For every line below, restate it exactly and drop the images.

Provided material:
######
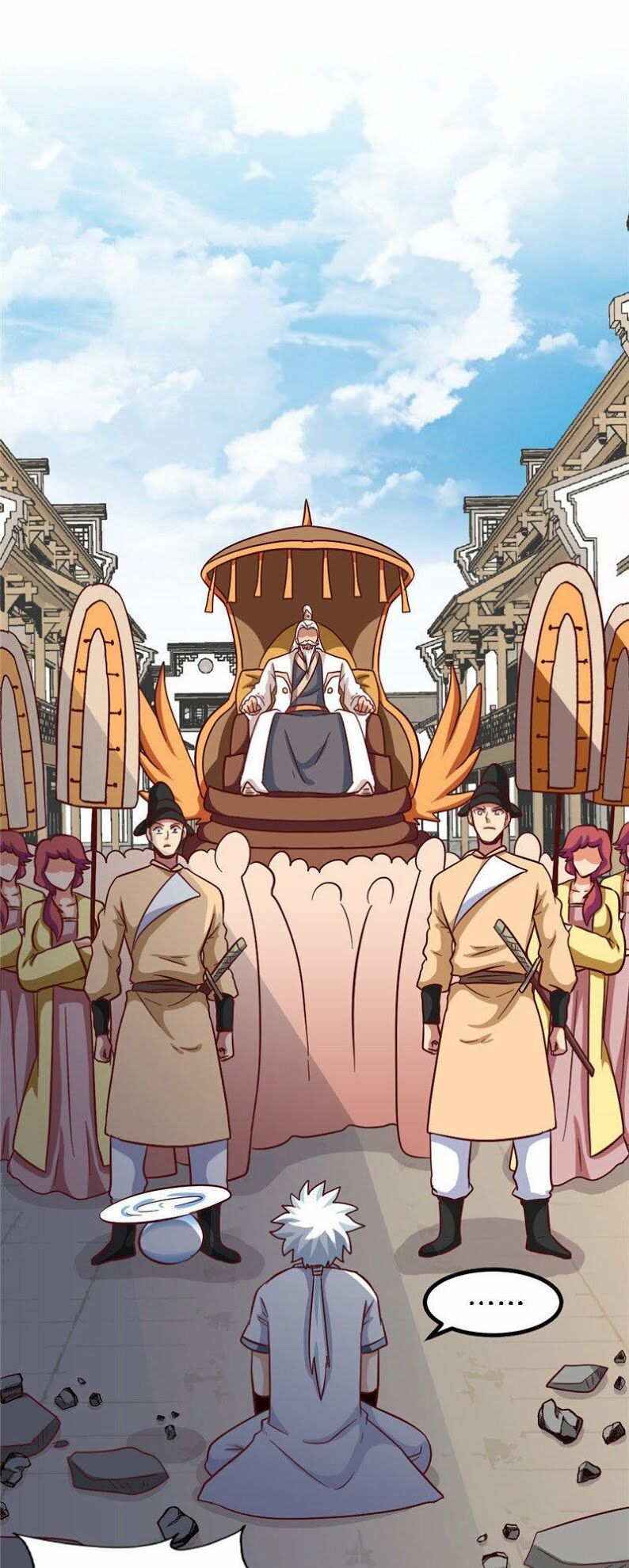 đọc truyện Chí Tôn Võ Đế Chương 167 ảnh 18 tại Thiên Thai Truyện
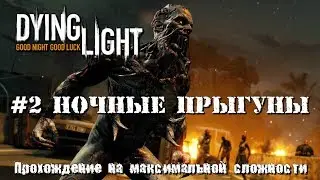 Прохождение Dying Light на максимальной сложности кошмар #2 Ночные прыгуны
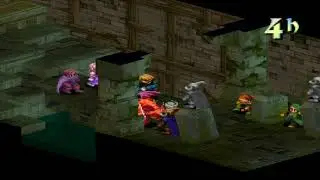 Final Fantasy Tactics - Elmdor+Zalera [Clear]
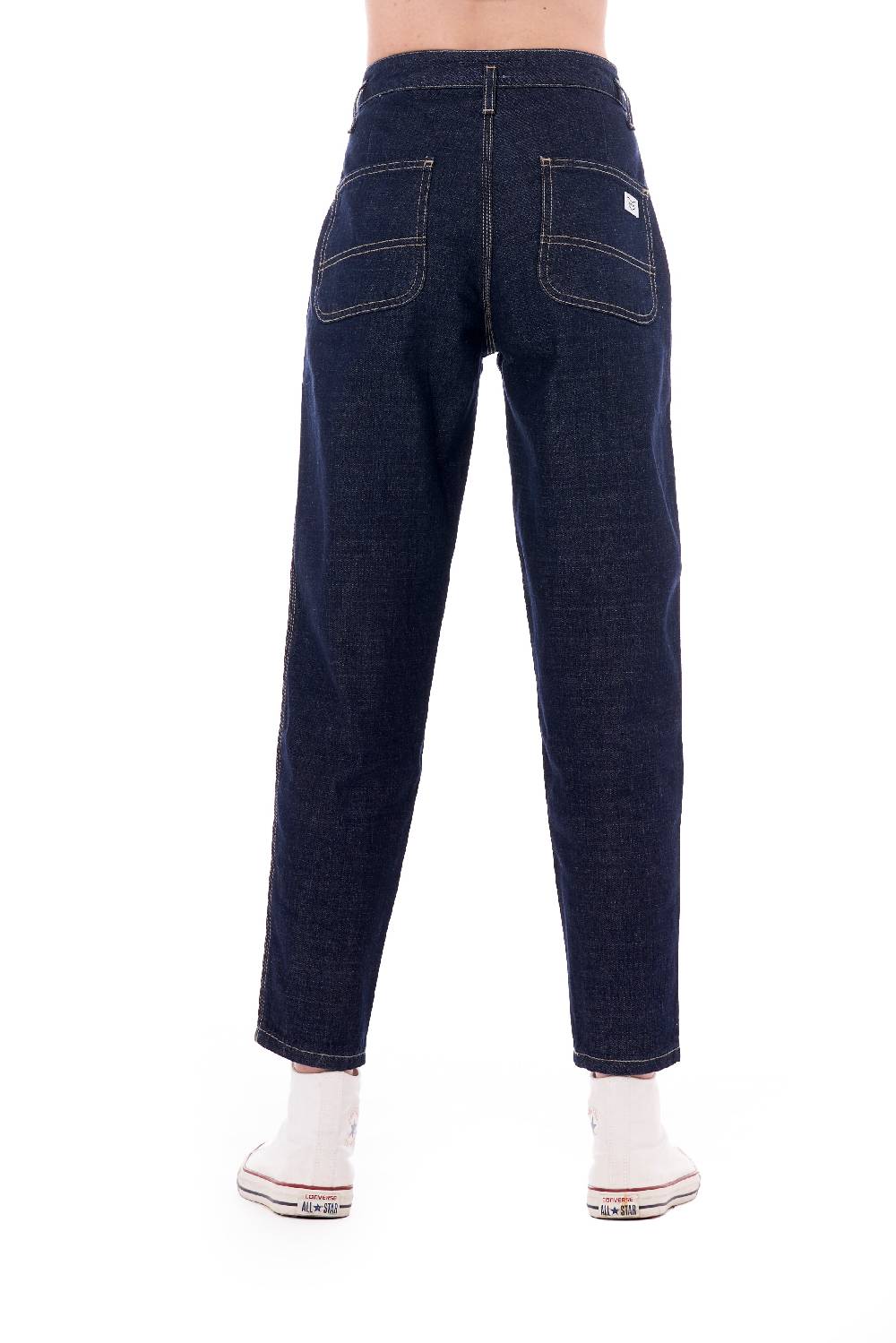 Pop84 Jeans con frase "LIFE IS POP" Acquista Ora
######
Result for this exercise:
 đọc truyện Chí Tôn Võ Đế Chương 167 ảnh 18 tại Thiên Thai Truyện
 Прохождение Dying Light на максимальной сложности кошмар #2 Ночные прыгуны
 Final Fantasy Tactics - Elmdor+Zalera [Clear]
 Pop84 Jeans con frase "LIFE IS POP" Acquista Ora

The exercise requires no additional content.